Tolle Protagonisten in dröger Handlung

Jasmina ist der nicht-so-heimliche Star der Serie
Foto: RTL
Vier Jahre ist es her, dass Danni Lowinski in der gleichnamigen Sat.1-Serie an einem Klapptisch gesessen und ihre Rechtsberatung für einen Euro pro Minute angeboten hat. Mit Hannes Beck gibt es nun wieder einen Anwalt, der für das Recht der kleinen Leute kämpft. Immerhin hat er es leichter als Danni: Durch Ehefrau und Studium kennt er bereits einige seiner neuen Kollegen und muss auch nicht um Mandanten kämpfen, da sie ihm vom Gericht zugeteilt werden. Dabei hat er stets großes Glück, denn seine Klienten sind grundsätzlich entweder unschuldig oder waren nicht in vollem Umfang am Verbrechen beteiligt.

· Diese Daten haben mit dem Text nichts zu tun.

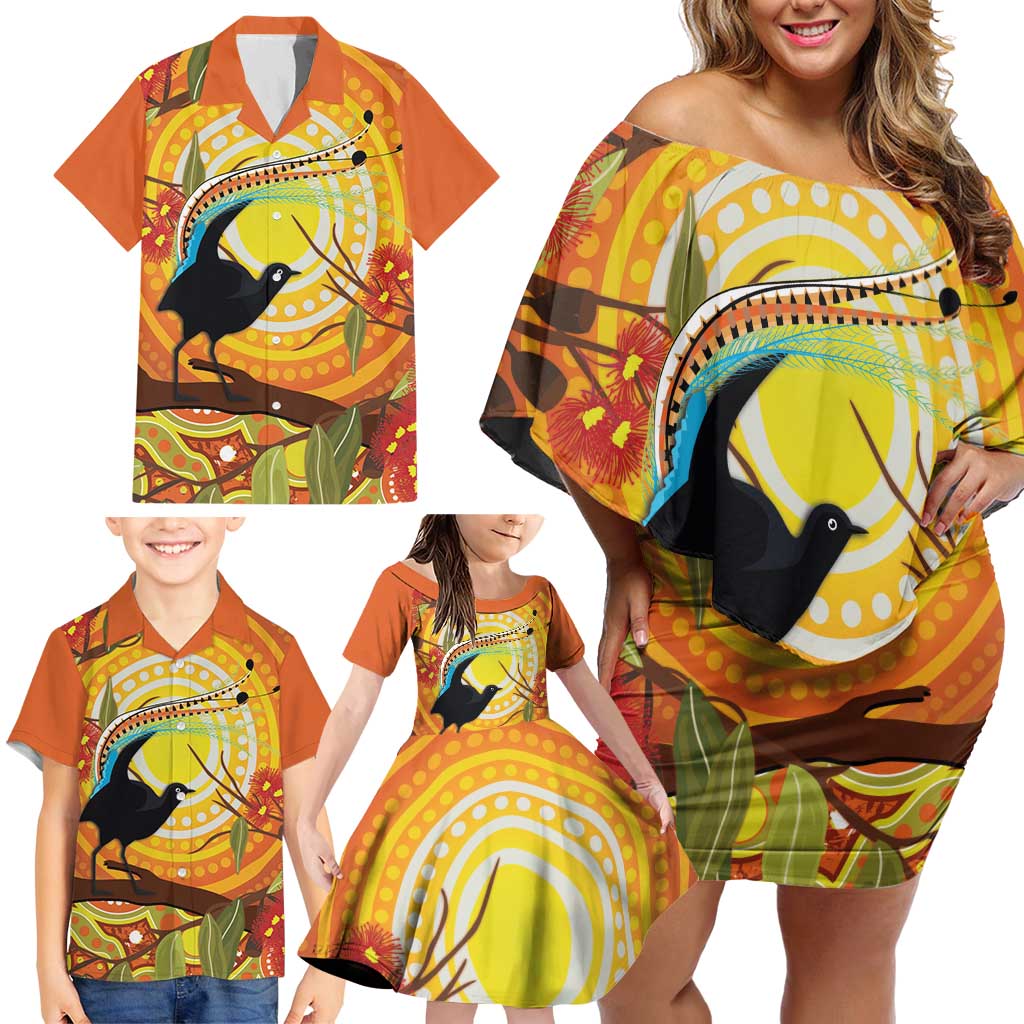Australia Superb Lyrebird Family Matching Off Shoulder Short Dress and Hawaiian Shirt Aboriginal Art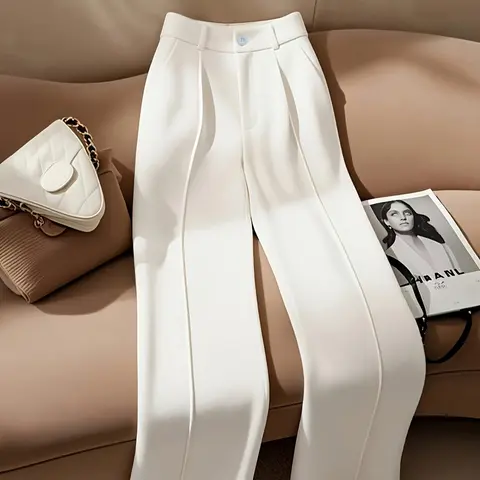 Women's Elegant Fashion High-End Business Commute Drape Casual High Rise Straight Long Pants, Casual Commuter Wear, Casual Work Pants, High Waist Pants, Casual Comfy Trousers, Fitted Style, All Seasons Womenswear, Casual Fitted Bottoms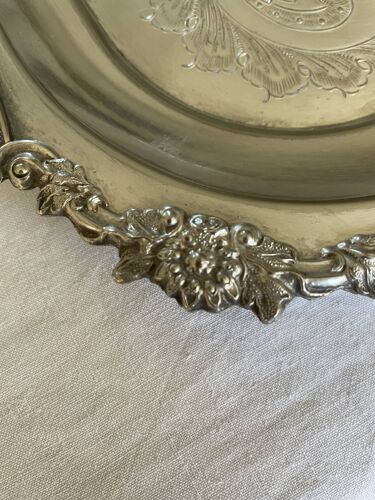 Large old service tray in silver metal from England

So gewinnt der Berufseinsteiger einen Fall nach dem anderen. Schön für ihn, langweilig für den Zuschauer, da die Folgen dadurch nicht wirklich spannend sind. Interessant sind lediglich Becks und Jasminas unorthodoxe Methoden, den Tathergang zu rekonstruieren. Die letztendliche Aufklärung ist dann nur eine Formsache, da bereits zu Beginn klar ist, dass der Mandant sowieso auf freiem Fuß bleibt. Das ist besonders schade, da Hannes Pflichtverteidiger im Bereich Strafrecht ist und damit die schweren Verbrechen wie Mord, Totschlag und Entführung betreut. Es gäbe dementsprechend viele Möglichkeiten, wie die Fälle ausgehen könnten, leider werden sie verschenkt. Während es bei den Fällen noch hapert, ist die persönliche Geschichte des Protagonisten deutlich interessanter.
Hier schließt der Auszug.